Metastability Challenges IP and FPGA Clock Domain Crossing Analysis
Traditional black box methodologies give way to a novel grey-cell approach for intellectual property (IP) and FPGA clock domain crossing (CDC) analysis.
As design complexity escalates, designers increasingly rely on commercial or existing IPs to meet project deadlines rather than designing everything from scratch. According to Semico Research, over the next couple of years, the number of IPs per design will increase from an average of 50 to a staggering 180.
The difficulty of IP integration and design verification will undoubtedly grow exponentially. Even today, many design teams complain that it takes too long for integration and verification using existing methodologies. Just imagine the resulting dreadful situations as the number of IP per design goes up. To alleviate these types of issues, EDA vendors need to provide breakthrough methodologies. Previously, Blue Pearl Software introduced the Grey Cell methodology, which was discussed at DAC 2012 and elaborated on EETimes.
With the recently introduced User Grey Cell™ methodology, Blue Pearl enables IP providers and FPGA designers to reduce the risk of missing CDC issues. We illustrate how this reduces metastability.
Leading cause of metastability
Designs today integrate components/IPs from many sources that operate with independent clocks with different frequency and phase relationship. This is done to bring data into the design from different sources or to change frequency in order to optimize power. The added complexity of disabling many logic cones means verification engineers need to be more vigilant.
Whenever there are setup or hold time violations in any flip-flop, it can enter a state where its output is unpredictable. This state is known as metastable state. It could well be that the flip-flop will settle in a known state. But due to dependencies on thermal and induced noise, one cannot be certain on the time it takes to settle. The likelihood of a functional failure due to metastability increases with clock frequency.
When components or IPs with different clock phase/frequency interface, the receiving logic flip-flop may violate setup or hold time causing the output to not settle to a stable “1” or “0” state. This metastable state can get propagated through the design as erroneous states causing functional failures. Hence it is important for designers to find portions of their designs where CDC can occur. Designers then insert logic to greatly reduce the likelihood of propagating erroneous data due to metastable signals.

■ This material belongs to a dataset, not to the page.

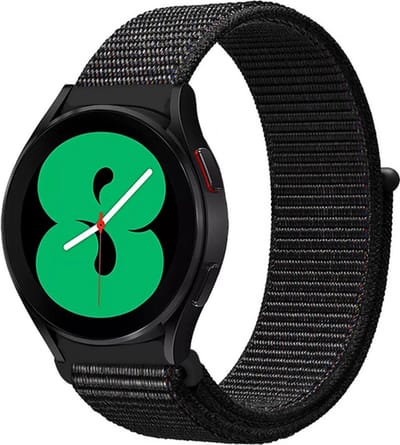 By Qubix - Geschikt voor Garmin bandje - Geschikt voor Garmin Vivoactive 4 / 4L - Sport Loop nylon bandje - Zwart gemêleerd - Smartwatch bandje 22mm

Failure of the Black Box methodology
As discussed earlier, the required components/IPs come from varied sources. They could be acquired in synthesizable RTL format, protected IP format, simulation models, or non-synthesizable formats. If the IP is in the form of a synthesizable RTL, then it is relatively straightforward to do CDC analysis through it. However, for the other formats, the IPs have traditionally been treated as black boxes i.e. the analysis will not use any knowledge of the internals of the IP. In a black box methodology, the CDC analysis will stop at each IP boundary and treat it as an end point with no relationship whatsoever with what’s inside the IP.

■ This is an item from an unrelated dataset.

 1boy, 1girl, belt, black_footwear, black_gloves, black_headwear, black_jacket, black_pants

As designers rely more and more on IPs, the number of black boxes included in the analysis is increasing. Thus, the risk of missing critical CDC issues grows. Moreover, since the IPs are instantiated in hierarchical designs, it quickly becomes impossible to manually trace and decide whether a particular black box can cause a CDC issue.
Won’t IEEE P1735 solve the Black Box issue?
The IEEE project P1735 intends to describe IP encryption markup for design information formats, and thus enable design flows that provide interoperability between IP sources, tools, integrators and users of the IP. This is driven primarily by IP providers who want to protect their know-how and thus encrypt their IP. P1735 provide guidelines for key management, together with encryption and decryption algorithms. This enables inter-operable IP encryption and thus allows specific EDA tools to see the “inside” of the IP.
Once P1735 is finalized, it will solve the CDC analysis for a synthesizable RTL IP assuming that once decrypted, the tool has enough information to perform the analysis through the IP. However, this does not completely address all the reasons why designers settle for a Black Box methodology. Designers still need to handle the non-synthesizable models, simulation models, behavioral models and/or still incomplete models. For these components, encryption/decryption still does not help in enabling a complete CDC analysis. Thus, P1735 still does not solve all the issues of using a Black Box methodology.
Even though the IPs can be encrypted and decrypted with proper key management, some IP developers are still not convinced that the IP will not end up in the wrong hands. Consequently, Blue Pearl Software developed the User Grey Cell methodology that works on all types of IP, without the need to ever ship the proprietary information. In fact, designers can perform CDC analysis through the FPGA vendor protected/generated IPs.
Basic CDC Analysis
Before we get into the details of User Grey Cell, let us do a quick refresher on basic CDC analysis.
A clock domain crossing occurs whenever data is transferred from a flip-flop driven by one clock to a flip-flop driven by another clock. Traditional simulation and/or static timing analysis methods are not sufficient to verify that the data is transferred consistently and dependably across clock domains. Thus, CDC analysis tools emerged to assist designers in checking for these potential issues. Let’s point out that some FPGA designers tend to wait to debug in the lab. However, it is better to use a verification tools on the RTL rather than waiting for the lab.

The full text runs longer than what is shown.